» EXERCISE: Beneath this line sits some data. Return only its lines from the one holding "We start by" through the one holding "Together, they form", inclusive, exactly, with the images removed.

» Records from a data collection:
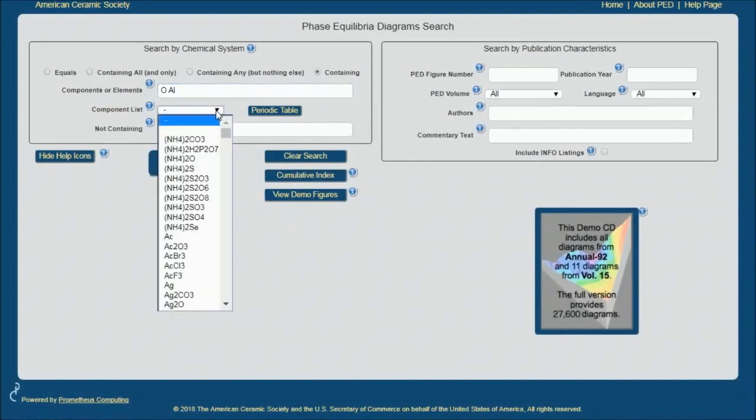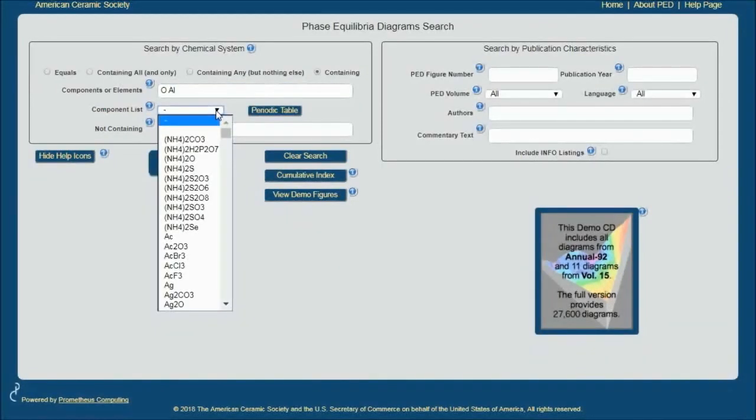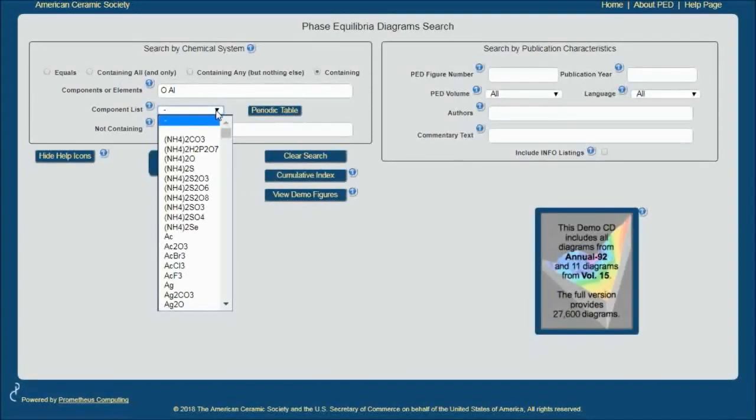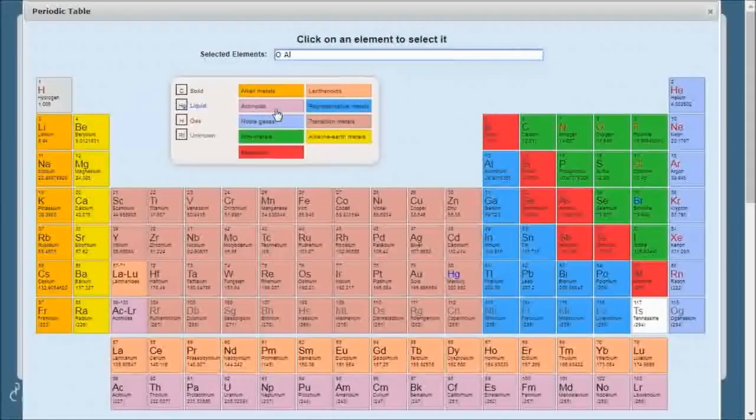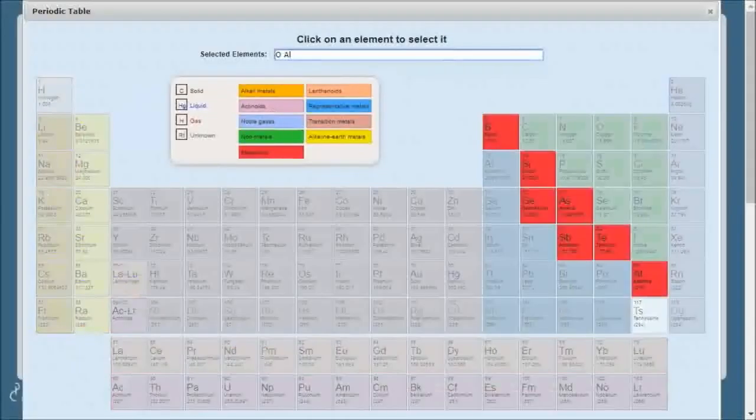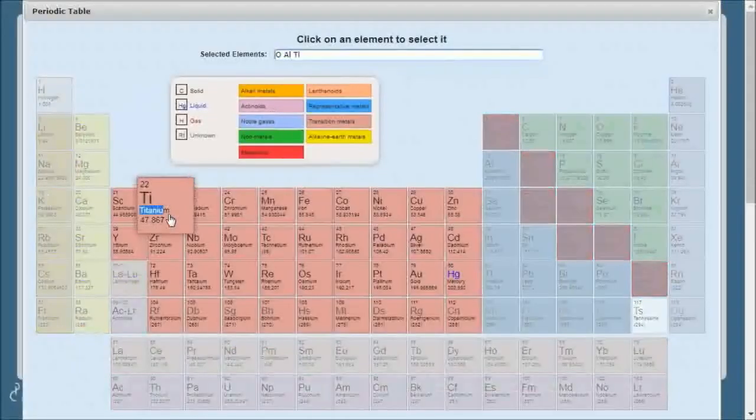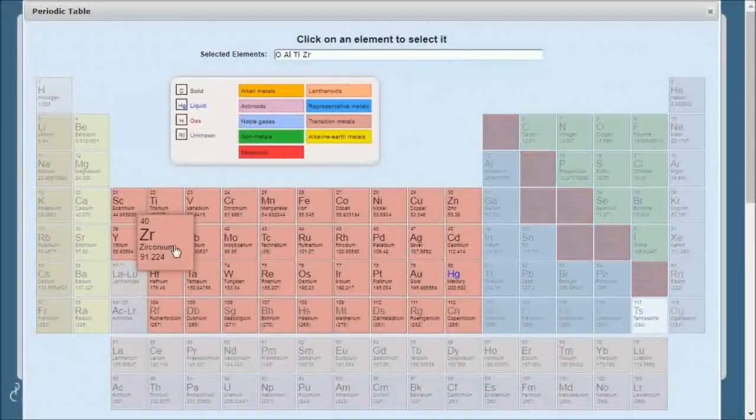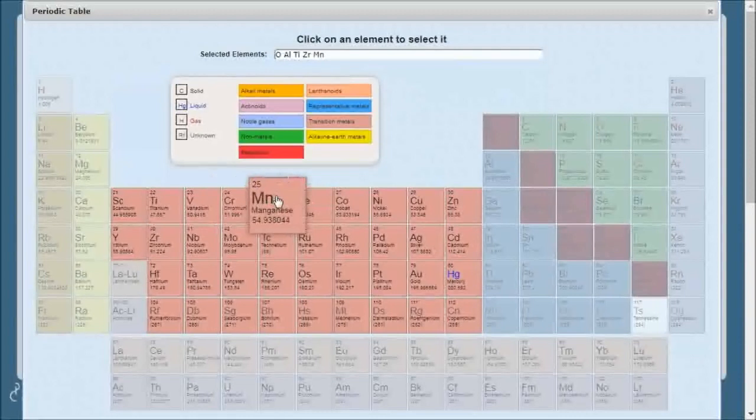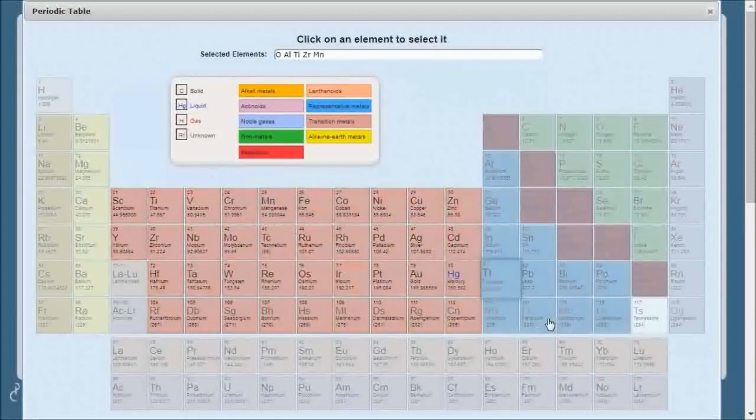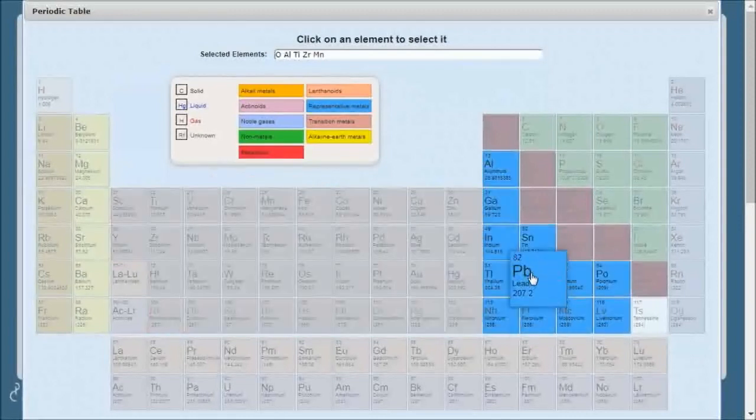You can also have a drop-down component list, which is particularly useful when you have compounds and you're not really sure how to enter them in. The third option is Periodic Table, and I'm using this to select some elements that make for some very interesting and useful ceramic systems.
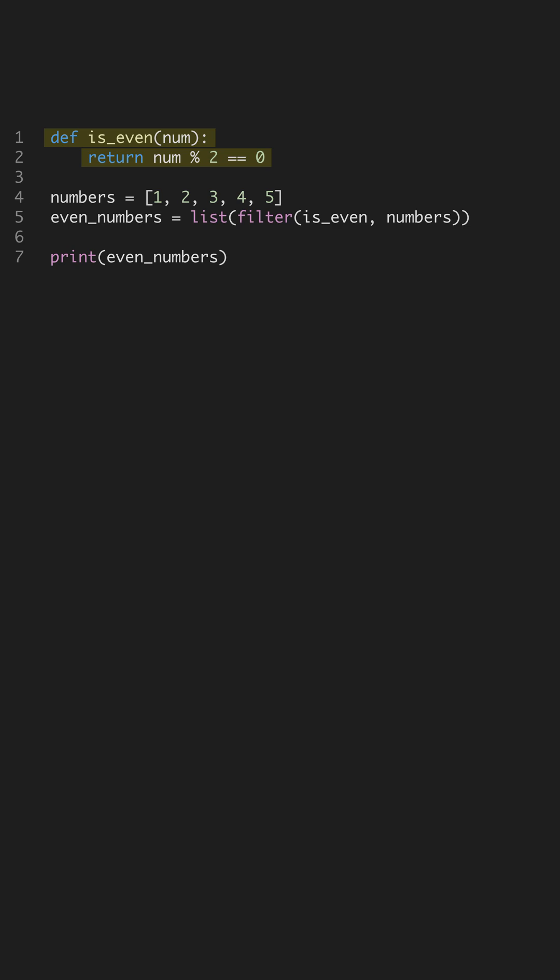We start by defining a function named is_even. This function takes one argument, num, and returns true if num is divisible by two.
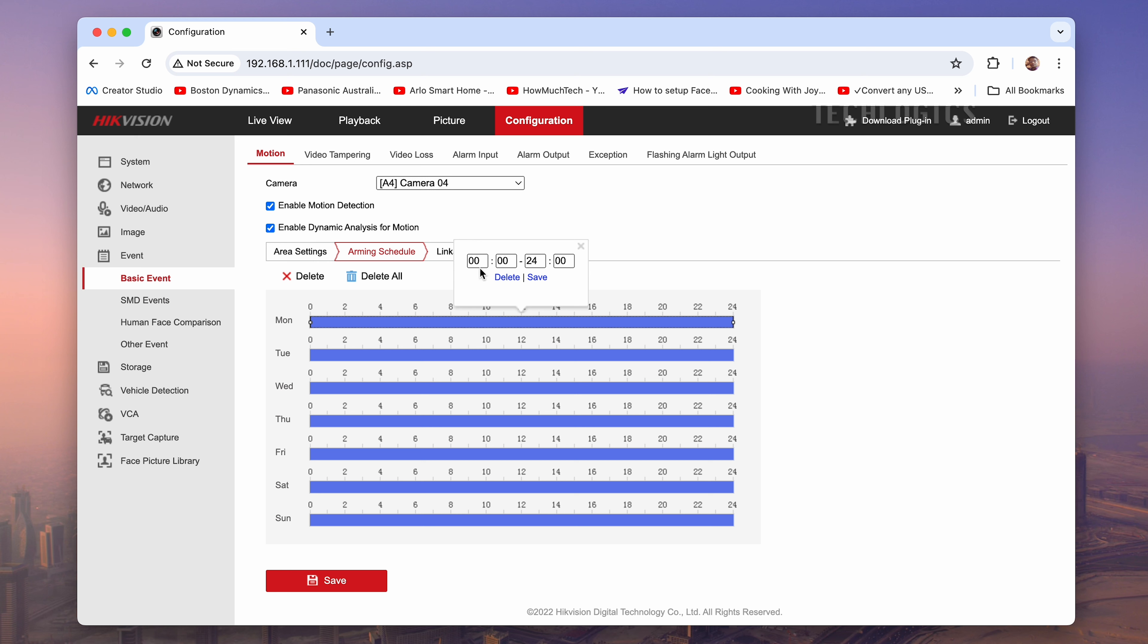For example, on Monday, we activate motion detection from midnight to 9 a.m. and then again from 8 p.m. until midnight.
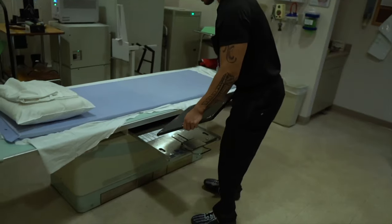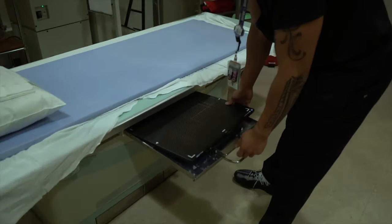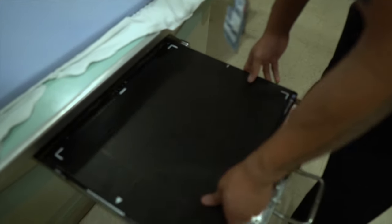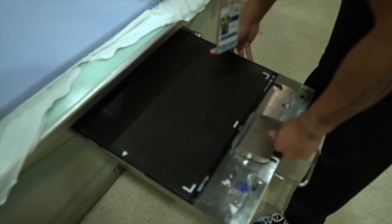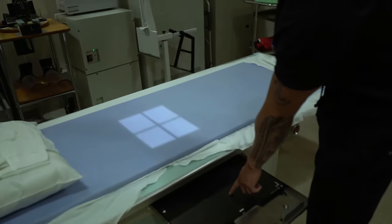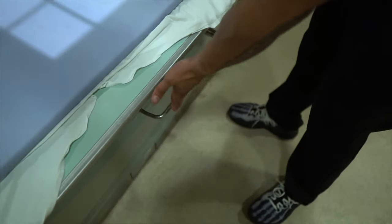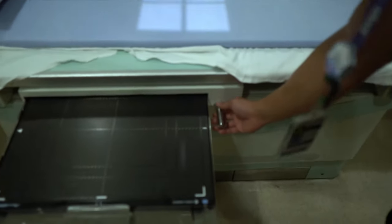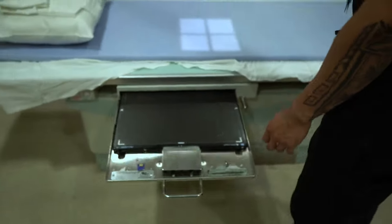To open the table bucky, there's a handle that you pull on — make sure it's fully extended out and the table is not covering the bucky in order to place the image receptor in. In this setup there's a latch that you pull up on and then slide away from the table to fully open the bucky. To secure the image receptor in place, slide the latch inward towards the image receptor and flip the latch down. To adjust your bucky position, there's either a button you press or a knob that you pull on or twist.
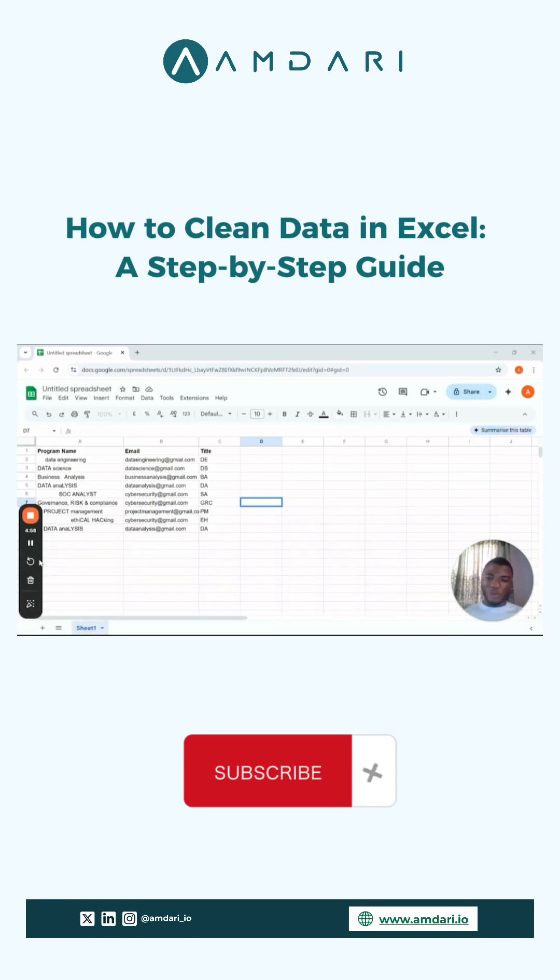Hi everyone, my name is Devine Wajrago from Amdari, and today we're going to be looking at some data cleaning techniques that are essential.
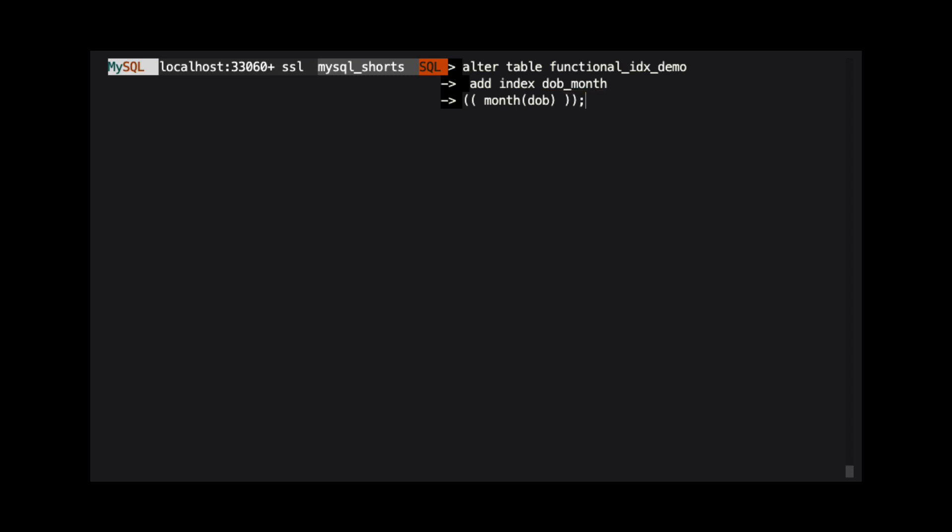Lastly, we provide the expression that will be used for the index. In our example, we use month DOB. An index definition needs to be wrapped in parentheses, but so does the expression. That is why there are double parentheses in our statement.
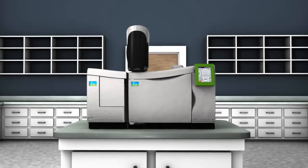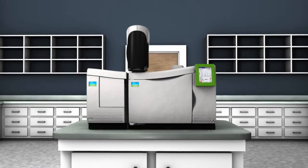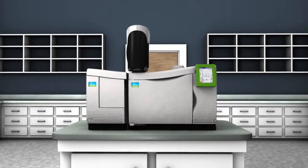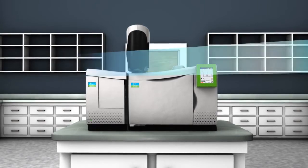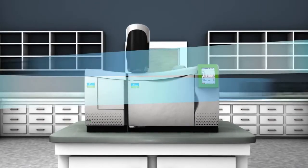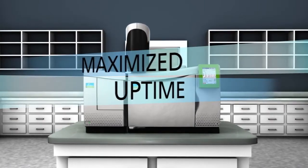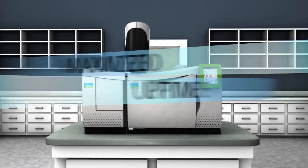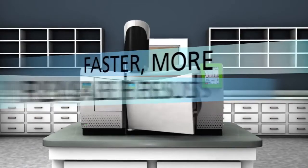Together, they form an advanced GC-MS system that minimizes maintenance, maximizes uptime, and provides faster, more reliable results.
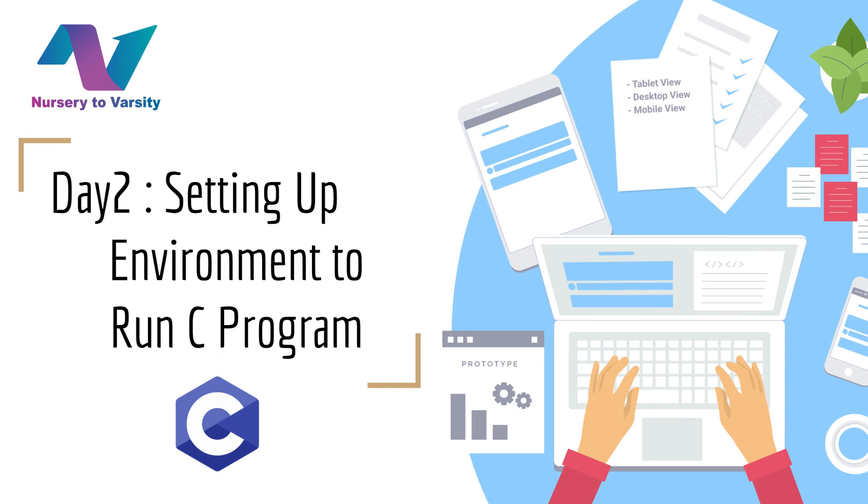Hello everyone, welcome back to our third tutorial. Until now, we have learned sufficient theory about the basics of C programming. Now it's time to type a program in C.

» YOUR RESPONSE:
We start by defining a function named is_even. This function takes one argument, num, and returns true if num is divisible by two.
For example, on Monday, we activate motion detection from midnight to 9 a.m. and then again from 8 p.m. until midnight.
To open the table bucky, there's a handle that you pull on — make sure it's fully extended out and the table is not covering the bucky in order to place the image receptor in. In this setup there's a latch that you pull up on and then slide away from the table to fully open the bucky. To secure the image receptor in place, slide the latch inward towards the image receptor and flip the latch down. To adjust your bucky position, there's either a button you press or a knob that you pull on or twist.
Hi everyone, my name is Devine Wajrago from Amdari, and today we're going to be looking at some data cleaning techniques that are essential.
Lastly, we provide the expression that will be used for the index. In our example, we use month DOB. An index definition needs to be wrapped in parentheses, but so does the expression. That is why there are double parentheses in our statement.
Together, they form an advanced GC-MS system that minimizes maintenance, maximizes uptime, and provides faster, more reliable results.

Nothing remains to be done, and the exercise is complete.